BEGIN Material provided

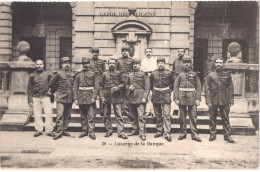 TH METIER GENDARMERIE GARDE REPUBLICAINE - Caserne De La Banque - Animée  Belle - Politie-Rijkswacht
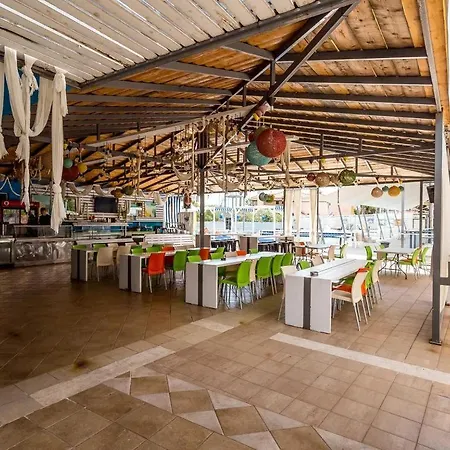 Perkes By Exclsv فندق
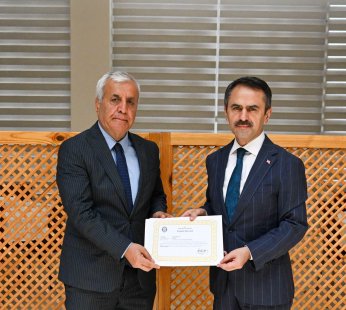 Veda Yemeği ve Başarı Belgesi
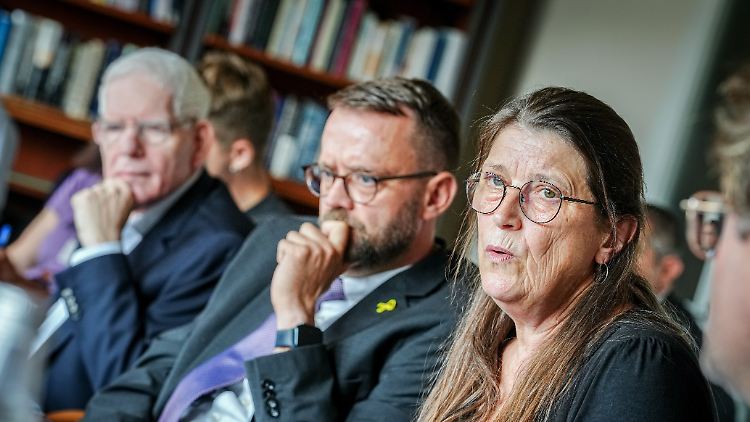 Zentralsratspräsident Josef Schuster, AJC-Direktor Remko Leemhuis und die Journalistin Andrea Röpke.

END Material provided

* Exercise objective:
Drop the pictures and reproduce the rest of the data above exactly.

* Response to this task:
 TH METIER GENDARMERIE GARDE REPUBLICAINE - Caserne De La Banque - Animée  Belle - Politie-Rijkswacht
 Perkes By Exclsv فندق
 Veda Yemeği ve Başarı Belgesi
 Zentralsratspräsident Josef Schuster, AJC-Direktor Remko Leemhuis und die Journalistin Andrea Röpke.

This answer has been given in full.